**WHAT YOU NEED TO DO**.
Write the full listing out again, word for word, but omit the pictures.
*** STORED DATA
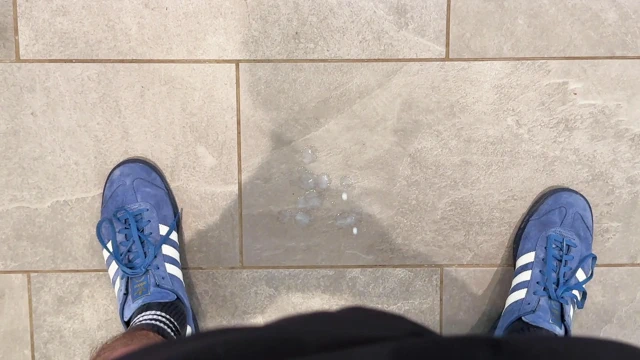 Arkadaşım yoğun bir süpermarkette mastürbasyonumu ve boşalmamı izledi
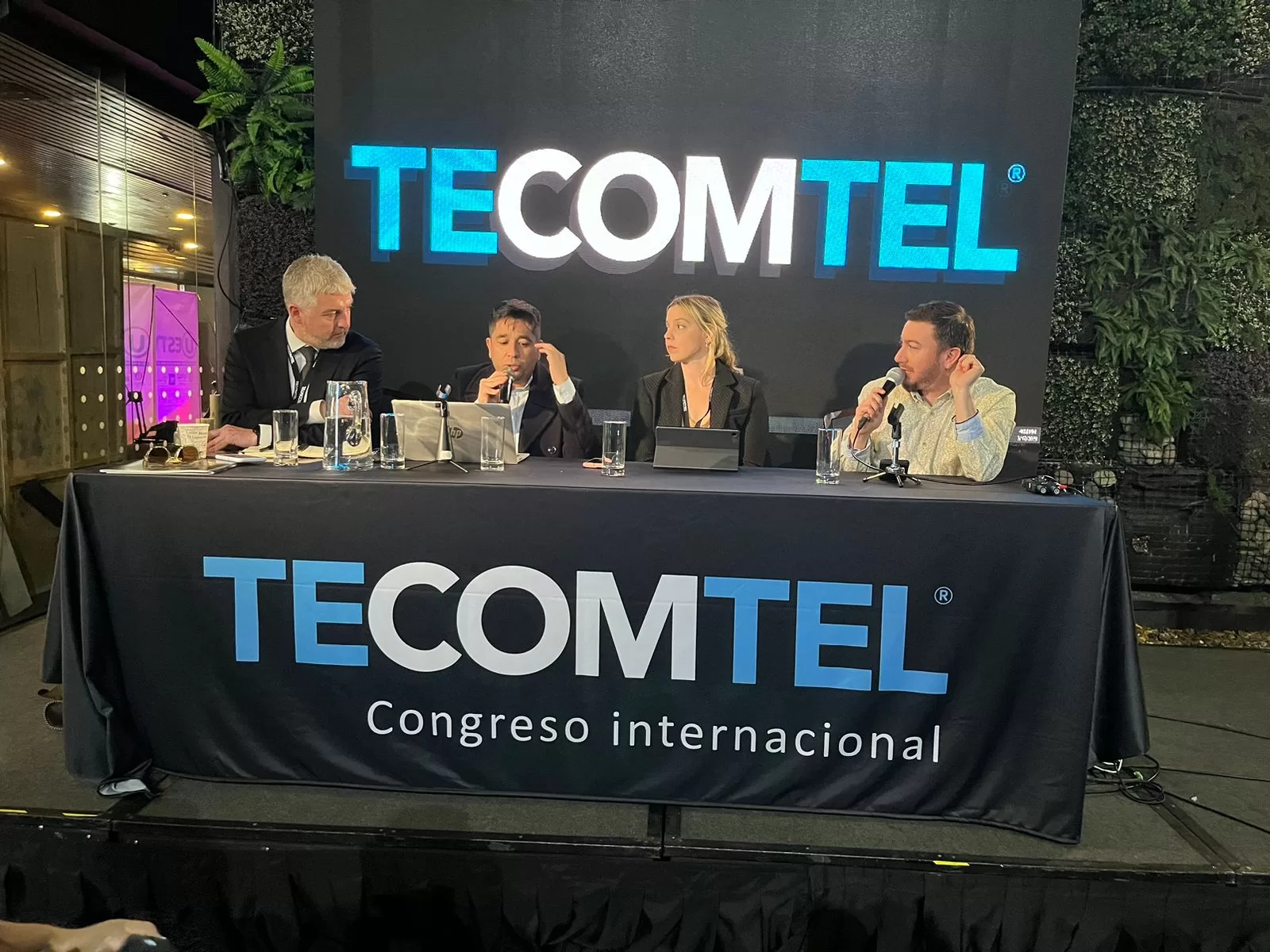 Tecomtel Chile: CNTV presenta sus plataformas Play e Infantil en feria tecnológica internacional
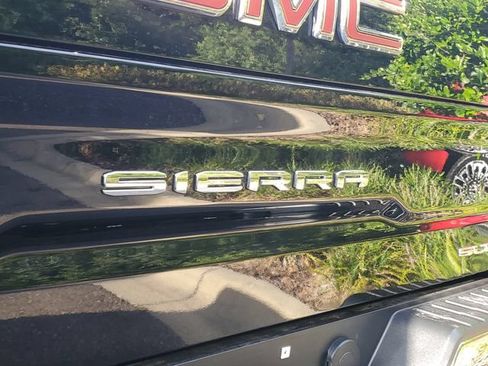 Used 2023 GMC Sierra 1500 SLT w/ SLT Premium Package AWD/4WD image 7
******
**ANSWER FOR THE TASK**.
 Arkadaşım yoğun bir süpermarkette mastürbasyonumu ve boşalmamı izledi
 Tecomtel Chile: CNTV presenta sus plataformas Play e Infantil en feria tecnológica internacional
 Used 2023 GMC Sierra 1500 SLT w/ SLT Premium Package AWD/4WD image 7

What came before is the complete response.